"""
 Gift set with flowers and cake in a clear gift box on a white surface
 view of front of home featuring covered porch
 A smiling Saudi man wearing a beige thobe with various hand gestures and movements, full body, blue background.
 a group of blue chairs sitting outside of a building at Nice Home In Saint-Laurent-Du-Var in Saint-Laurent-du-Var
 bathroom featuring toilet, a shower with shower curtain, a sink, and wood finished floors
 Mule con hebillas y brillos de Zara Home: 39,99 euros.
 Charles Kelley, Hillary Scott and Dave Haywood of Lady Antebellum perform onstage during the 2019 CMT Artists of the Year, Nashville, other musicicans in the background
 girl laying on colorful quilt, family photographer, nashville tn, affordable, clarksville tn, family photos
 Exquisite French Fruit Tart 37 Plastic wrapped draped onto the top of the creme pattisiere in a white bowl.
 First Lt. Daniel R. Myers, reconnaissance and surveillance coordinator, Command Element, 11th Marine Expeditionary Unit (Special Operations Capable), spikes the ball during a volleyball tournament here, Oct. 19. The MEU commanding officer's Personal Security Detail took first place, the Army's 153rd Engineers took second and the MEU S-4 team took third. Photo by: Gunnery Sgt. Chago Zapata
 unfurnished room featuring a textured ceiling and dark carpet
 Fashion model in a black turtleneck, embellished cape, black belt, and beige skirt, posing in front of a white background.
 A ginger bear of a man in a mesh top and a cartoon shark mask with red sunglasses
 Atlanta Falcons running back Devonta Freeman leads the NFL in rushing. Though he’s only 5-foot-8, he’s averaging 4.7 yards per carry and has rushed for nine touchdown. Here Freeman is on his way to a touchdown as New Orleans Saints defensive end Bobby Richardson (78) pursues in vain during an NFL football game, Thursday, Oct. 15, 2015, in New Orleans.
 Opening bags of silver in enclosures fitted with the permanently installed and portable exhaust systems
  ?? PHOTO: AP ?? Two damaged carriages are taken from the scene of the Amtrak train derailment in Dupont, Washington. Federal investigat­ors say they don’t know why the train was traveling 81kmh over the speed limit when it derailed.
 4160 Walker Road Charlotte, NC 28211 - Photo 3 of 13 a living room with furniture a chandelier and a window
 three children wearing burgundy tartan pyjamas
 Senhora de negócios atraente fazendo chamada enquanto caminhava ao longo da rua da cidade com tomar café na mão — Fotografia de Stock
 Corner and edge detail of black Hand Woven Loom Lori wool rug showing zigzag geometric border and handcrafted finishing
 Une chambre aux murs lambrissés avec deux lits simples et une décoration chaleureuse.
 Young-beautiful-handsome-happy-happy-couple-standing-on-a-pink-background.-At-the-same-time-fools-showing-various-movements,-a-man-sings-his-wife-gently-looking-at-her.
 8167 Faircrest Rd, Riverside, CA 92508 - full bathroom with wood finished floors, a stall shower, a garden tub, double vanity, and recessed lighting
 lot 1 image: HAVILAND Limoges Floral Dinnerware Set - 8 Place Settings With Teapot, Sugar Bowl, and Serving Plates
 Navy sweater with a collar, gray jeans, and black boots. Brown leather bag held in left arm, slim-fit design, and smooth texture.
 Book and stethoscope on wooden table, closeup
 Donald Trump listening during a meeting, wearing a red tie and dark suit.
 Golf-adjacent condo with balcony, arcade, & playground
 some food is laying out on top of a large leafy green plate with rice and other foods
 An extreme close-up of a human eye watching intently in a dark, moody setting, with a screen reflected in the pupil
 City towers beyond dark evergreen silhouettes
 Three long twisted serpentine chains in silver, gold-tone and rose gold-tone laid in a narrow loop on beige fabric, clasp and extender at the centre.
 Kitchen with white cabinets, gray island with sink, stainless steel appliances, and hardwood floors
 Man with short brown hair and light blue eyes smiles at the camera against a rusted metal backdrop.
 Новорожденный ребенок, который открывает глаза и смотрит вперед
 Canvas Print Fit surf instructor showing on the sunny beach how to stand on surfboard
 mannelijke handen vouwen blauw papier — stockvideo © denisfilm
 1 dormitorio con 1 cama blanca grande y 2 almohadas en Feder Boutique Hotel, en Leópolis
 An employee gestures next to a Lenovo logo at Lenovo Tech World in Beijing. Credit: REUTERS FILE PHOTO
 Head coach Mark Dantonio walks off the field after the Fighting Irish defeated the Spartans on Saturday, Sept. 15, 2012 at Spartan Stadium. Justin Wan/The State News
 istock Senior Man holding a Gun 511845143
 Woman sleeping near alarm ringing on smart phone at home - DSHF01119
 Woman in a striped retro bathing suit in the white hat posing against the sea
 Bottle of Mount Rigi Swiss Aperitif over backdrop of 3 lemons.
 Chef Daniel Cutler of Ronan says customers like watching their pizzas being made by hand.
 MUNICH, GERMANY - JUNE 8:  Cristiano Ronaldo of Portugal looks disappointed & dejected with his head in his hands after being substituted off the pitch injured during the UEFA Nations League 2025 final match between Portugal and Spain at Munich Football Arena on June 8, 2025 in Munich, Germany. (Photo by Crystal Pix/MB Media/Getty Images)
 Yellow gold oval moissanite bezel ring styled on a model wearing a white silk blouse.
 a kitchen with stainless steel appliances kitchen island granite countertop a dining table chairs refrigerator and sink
"""
▶ [Exercise details]: What you give back should match the entries above exactly.

▶ [Response to the task]:
 Gift set with flowers and cake in a clear gift box on a white surface
 view of front of home featuring covered porch
 A smiling Saudi man wearing a beige thobe with various hand gestures and movements, full body, blue background.
 a group of blue chairs sitting outside of a building at Nice Home In Saint-Laurent-Du-Var in Saint-Laurent-du-Var
 bathroom featuring toilet, a shower with shower curtain, a sink, and wood finished floors
 Mule con hebillas y brillos de Zara Home: 39,99 euros.
 Charles Kelley, Hillary Scott and Dave Haywood of Lady Antebellum perform onstage during the 2019 CMT Artists of the Year, Nashville, other musicicans in the background
 girl laying on colorful quilt, family photographer, nashville tn, affordable, clarksville tn, family photos
 Exquisite French Fruit Tart 37 Plastic wrapped draped onto the top of the creme pattisiere in a white bowl.
 First Lt. Daniel R. Myers, reconnaissance and surveillance coordinator, Command Element, 11th Marine Expeditionary Unit (Special Operations Capable), spikes the ball during a volleyball tournament here, Oct. 19. The MEU commanding officer's Personal Security Detail took first place, the Army's 153rd Engineers took second and the MEU S-4 team took third. Photo by: Gunnery Sgt. Chago Zapata
 unfurnished room featuring a textured ceiling and dark carpet
 Fashion model in a black turtleneck, embellished cape, black belt, and beige skirt, posing in front of a white background.
 A ginger bear of a man in a mesh top and a cartoon shark mask with red sunglasses
 Atlanta Falcons running back Devonta Freeman leads the NFL in rushing. Though he’s only 5-foot-8, he’s averaging 4.7 yards per carry and has rushed for nine touchdown. Here Freeman is on his way to a touchdown as New Orleans Saints defensive end Bobby Richardson (78) pursues in vain during an NFL football game, Thursday, Oct. 15, 2015, in New Orleans.
 Opening bags of silver in enclosures fitted with the permanently installed and portable exhaust systems
  ?? PHOTO: AP ?? Two damaged carriages are taken from the scene of the Amtrak train derailment in Dupont, Washington. Federal investigat­ors say they don’t know why the train was traveling 81kmh over the speed limit when it derailed.
 4160 Walker Road Charlotte, NC 28211 - Photo 3 of 13 a living room with furniture a chandelier and a window
 three children wearing burgundy tartan pyjamas
 Senhora de negócios atraente fazendo chamada enquanto caminhava ao longo da rua da cidade com tomar café na mão — Fotografia de Stock
 Corner and edge detail of black Hand Woven Loom Lori wool rug showing zigzag geometric border and handcrafted finishing
 Une chambre aux murs lambrissés avec deux lits simples et une décoration chaleureuse.
 Young-beautiful-handsome-happy-happy-couple-standing-on-a-pink-background.-At-the-same-time-fools-showing-various-movements,-a-man-sings-his-wife-gently-looking-at-her.
 8167 Faircrest Rd, Riverside, CA 92508 - full bathroom with wood finished floors, a stall shower, a garden tub, double vanity, and recessed lighting
 lot 1 image: HAVILAND Limoges Floral Dinnerware Set - 8 Place Settings With Teapot, Sugar Bowl, and Serving Plates
 Navy sweater with a collar, gray jeans, and black boots. Brown leather bag held in left arm, slim-fit design, and smooth texture.
 Book and stethoscope on wooden table, closeup
 Donald Trump listening during a meeting, wearing a red tie and dark suit.
 Golf-adjacent condo with balcony, arcade, & playground
 some food is laying out on top of a large leafy green plate with rice and other foods
 An extreme close-up of a human eye watching intently in a dark, moody setting, with a screen reflected in the pupil
 City towers beyond dark evergreen silhouettes
 Three long twisted serpentine chains in silver, gold-tone and rose gold-tone laid in a narrow loop on beige fabric, clasp and extender at the centre.
 Kitchen with white cabinets, gray island with sink, stainless steel appliances, and hardwood floors
 Man with short brown hair and light blue eyes smiles at the camera against a rusted metal backdrop.
 Новорожденный ребенок, который открывает глаза и смотрит вперед
 Canvas Print Fit surf instructor showing on the sunny beach how to stand on surfboard
 mannelijke handen vouwen blauw papier — stockvideo © denisfilm
 1 dormitorio con 1 cama blanca grande y 2 almohadas en Feder Boutique Hotel, en Leópolis
 An employee gestures next to a Lenovo logo at Lenovo Tech World in Beijing. Credit: REUTERS FILE PHOTO
 Head coach Mark Dantonio walks off the field after the Fighting Irish defeated the Spartans on Saturday, Sept. 15, 2012 at Spartan Stadium. Justin Wan/The State News
 istock Senior Man holding a Gun 511845143
 Woman sleeping near alarm ringing on smart phone at home - DSHF01119
 Woman in a striped retro bathing suit in the white hat posing against the sea
 Bottle of Mount Rigi Swiss Aperitif over backdrop of 3 lemons.
 Chef Daniel Cutler of Ronan says customers like watching their pizzas being made by hand.
 MUNICH, GERMANY - JUNE 8:  Cristiano Ronaldo of Portugal looks disappointed & dejected with his head in his hands after being substituted off the pitch injured during the UEFA Nations League 2025 final match between Portugal and Spain at Munich Football Arena on June 8, 2025 in Munich, Germany. (Photo by Crystal Pix/MB Media/Getty Images)
 Yellow gold oval moissanite bezel ring styled on a model wearing a white silk blouse.
 a kitchen with stainless steel appliances kitchen island granite countertop a dining table chairs refrigerator and sink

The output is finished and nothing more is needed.